Garbo began life in poverty as Greta Lovisa Gustafsson, the daughter of a janitor in Stockholm, Sweden. When her father died in 1919 of tuberculosis, Greta had to quit school at the age of fourteen and go to work. Her good looks helped her get jobs in a couple of advertising films before she was discovered in 1922 by unabashedly homosexual Swedish filmmaker Mauritz Stiller. He cast her as the female lead in Gosta Berling's Saga (1924) and got her a role in a German film, The Joyless Street (1925). Stiller took control of the actress's career, changing her last name to Garbo. When he went to the United States to work for Louis Mayer at Metro-Goldwyn-Mayer, Stiller took his protégée along. Mauritz Stiller did not succeed in Hollywood, but Greta Garbo was destined to become a star. She made fourteen silent films, among them The Torment (1926) and Flesh and the Devil (1927), where she tended to play the beautiful femme fatale, luring men into passion. Garbo made the rocky transition from silent films to talkies flawlessly. Her husky, accented voice fitted intriguingly with her ethereal beauty, enabling her to create more complex characters than she ever had in silents.

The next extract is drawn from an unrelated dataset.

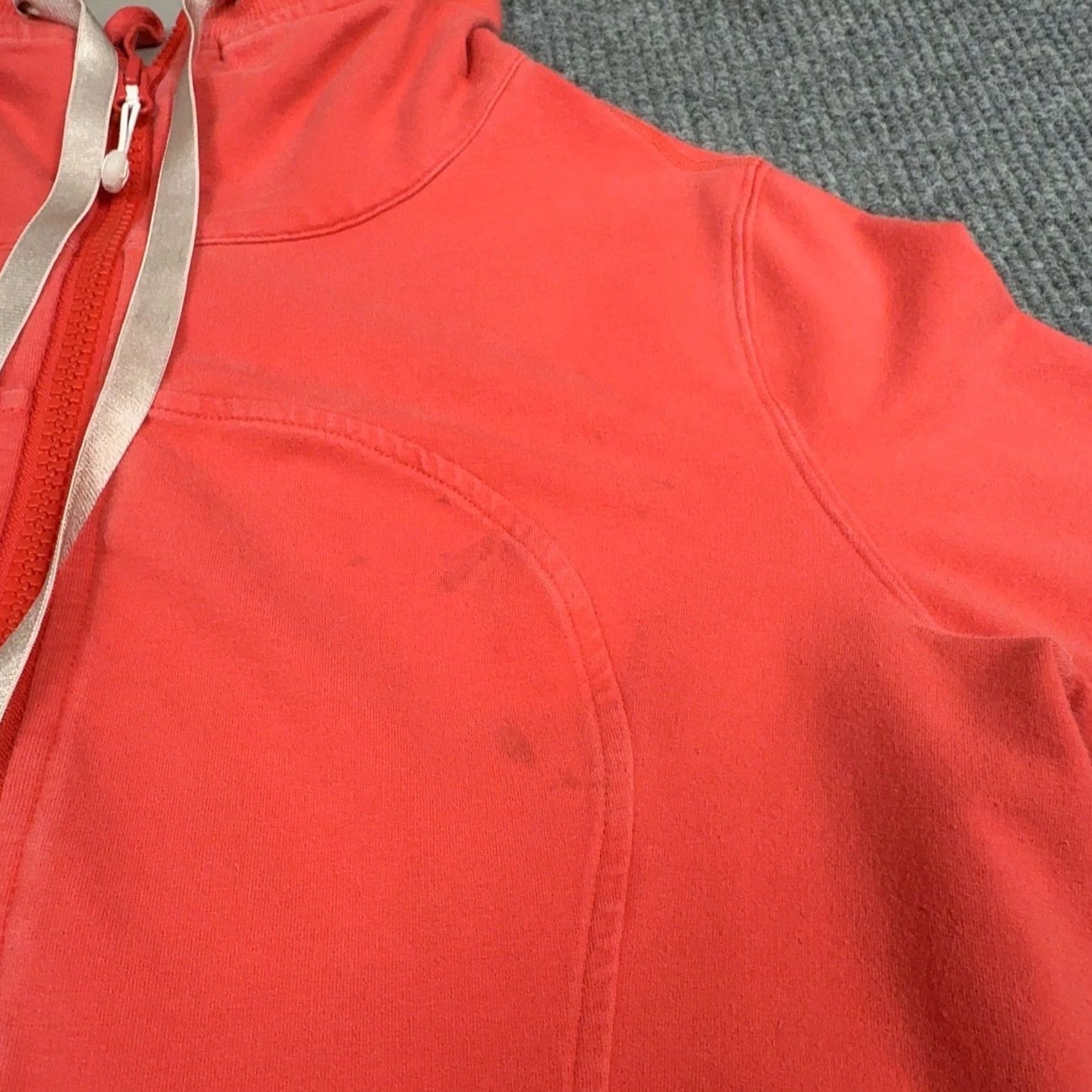 Lululemon Lululemon Scuba Hoodie Womens 12 Pink Full Zip Longline Activewear Sweatshirt Size XL / US 12-14 / IT 48-50 - 2 Thumbnail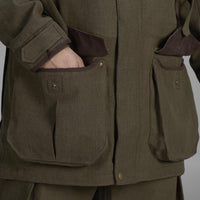 Shaded Olive Seeland Woodcock Advanced Jacket Pocket Detail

In Anna Christie (1930), Anna Karenina (1935), Camille (1936), and others, she played a tragic heroine, passionate, but doomed. In the delightful 1939 comedy Ninotchka, she mocks this gloomy sensuality with charming self-deprecation, causing MGM to tout the film with the single headline, "Garbo Laughs!" In 1941, prompted perhaps by the failure of Two-Faced Woman, her comedy follow-up to Ninotchka, Garbo took a break from filmmaking. Although she reportedly considered several projects for a comeback, the title roles in Hamlet and The Portrait of Dorian Gray, among them, her break turned into permanent retirement.
It has been suggested that Garbo struggled greatly with her sexuality, only becoming involved with other women in affairs that she could control. Some also suggest that Garbo remained single in the United States because of an unrequited love for her drama school sweetheart, the Swedish actress Mimi Pollak. Garbo's personal letters recently released to the public indicate that she remained in love with Pollak for the rest of her life. When Pollak announced she was pregnant, Garbo wrote: "We cannot help our nature, as God has created it. But I have always thought you and I belonged together."
Famously connected to Mercedes de Acosta, one of the more Sapphic companions of the day, de Acosta wrote of their affair in her book Here Lies the Heart. Upon her death in 1990, Garbo left her entire, substantial estate to her niece, Gray Reisfeld, and nothing to Claire, the elderly female companion with whom she lived for many years.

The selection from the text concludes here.